Foeren movió la cabeza, pareciendo impresionado.
—Yo, un falsificador. Nadie lo diría a juzgar por mis manos —levantó un par de garras macizas cubiertas de vello rojizo—. Pero el ingenio está allí. Mis manos han recordado antes que cualquier otra parte mía. En la nave estaba sentado en mi celda y miraba mis manos. Sentía picazón en ellas. Querían salir y ocuparse en alguna cosa. Pero el resto de mi persona no podía recordar qué.
—¿Qué hiciste? —preguntó Barrent.
—Cerré los ojos y dejé actuar a mis manos —dijo Foeren—. Lo primero que supe es que se levantaban y se agarraban a la cerradura de la celda para abrirla. —Levantó sus enormes manazas y las contempló con admiración—. ¡Inteligentes diablejos!
—¿Intentabas abrir la cerradura? —preguntó Barrent—. Pero me parecía haberte oído decir que eras un falsificador.
—Bueno, verás —dijo Foeren—. La falsificación era mi trabajo principal.
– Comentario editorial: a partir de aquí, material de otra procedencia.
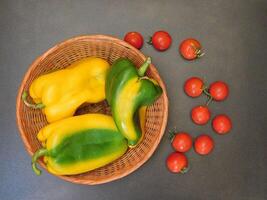 Vegetables in the kitchen photo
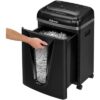 FELLOWES  Aktenvernichter MicroShred 4074601   450M, P-5, 22lt – Bild 3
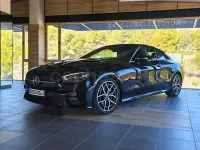 Usado Mercedes E220 194 CV (142 kW) 2021 Negro Descapotable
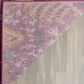Safavieh Madison MAD610M 2"2" x 12" Fuchsia and Multi Runner, , large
Pero un par de manos ingeniosas pueden hacerlo casi todo. Sospecho que debieron atraparme sólo por falsificación; pero debí ser también un experto en arcas. Mis manos saben demasiado para ser tan sólo falsificadoras.
—Has conseguido descubrir más cosas sobré ti mismo que yo sobre mí —dijo Barrent—. Todo lo que tengo a mi disposición es un sueño.
—Bueno, algo es algo —dijo Foeren—. Tienen que haber medios para descubrir más cosas. La más importante es que nos encontramos en Omega.
—De acuerdo —repuso sordamente Barrent.
—No hay nada malo en eso —dijo Foeren—. ¿No has oído lo que ha dicho ese hombre? ¡Es nuestro planeta!
—Con un promedio de vida supuesto, de unos tres años terrestres —le recordó Barrent.
—Probablemente eso lo haya dicho tan sólo con el fin de asustarnos —dijo Foeren—. Yo no me creería todos esos chismes viniendo de un guardia. Lo más importante es que este es nuestro planeta. Ya has oído lo que ha dicho. «La Tierra nos ha rechazado». ¡Nueva Tierra! ¿Quién la necesita? Nosotros tenemos aquí nuestro propio planeta. Todo un planeta, Barrent. ¡Somos libres!
Otro hombre dijo:
—Es cierto, amigo. —Era un tipo pequeño, de ojos furtivos y muy simpático—. Mi nombre es Joe —les dijo—. En realidad, el nombre es Joao; pero prefiero la forma arcaica con su sabor de tiempos más agradables. Caballeros, no pude evitar oír su conversación, y debo confesar que estoy cordialmente de acuerdo con nuestro amigo pelirrojo. ¡Consideren las posibilidades! ¿La tierra nos ha arrojado a un lado? ¡Excelente! Estamos mejor fuera de ella. Aquí todos somos iguales, hombres libres en una sociedad libre. Sin uniformes, ni guardias, ni soldados. Sólo arrepentidos excriminales que quieren vivir en paz.
— ¿Por qué te expulsaron a ti? —preguntó Barrent.
—Dicen que era un ladrón de reputación —dijo Joe—. Me siento avergonzado al tener que admitir que no puedo recordar qué es un ladrón de reputación. Pero tal vez me acuerde más adelante.
—Quizá las autoridades posean alguna especie de sistema de reeducación de la memoria —dijo Foeren.
— ¿Autoridades? —exclamó Joe indignado—. ¿Qué quieres decir con eso de autoridades? Este es nuestro planeta. Aquí todos somos iguales. Por consiguiente, aquí no pueden haber autoridades. No, amigos, hemos dejado todas esas insensateces allá en la Tierra. Aquí…
Se interrumpió bruscamente. La puerta de la barraca se había abierto dejando paso a un hombre. Evidentemente se trataba de un viejo residente en Omega puesto que carecía del uniforme gris de la prisión. Era grueso y vestía un traje de color amarillo y azul llamativo. En un cinturón alrededor de su ancha cintura llevaba una pistola enfundada y un cuchillo. Se quedó de pie en el umbral, con las manos apoyadas en las caderas mirando a los recién llegados.
—¿Bien? —dijo—. ¿Es que vosotros nuevos hombres no reconocéis a un Cuestor? ¡De pie!
Ninguno de los hombres se movió. El rostro del Cuestor se puso escarlata.
—Creo que tendré que enseñaros a tener un poco de respeto.
Aun antes de que pudiera sacar la pistola de su funda, los recién llegados se habían puesto rápidamente de pie. El Cuestor les miró con un aire ligeramente pesaroso y volvió a guardar la pistola en su funda.
—La primera cosa que vosotros los hombres aprendéis mejor —dijo el Cuestor—, es vuestro estado legal en Omega. Vuestro estado legal es nada. Sois peones, y eso significa que sois nada.
Esperó un momento y luego añadió:
—Ahora prestad atención, peones. Vais a ser instruidos en vuestras obligaciones.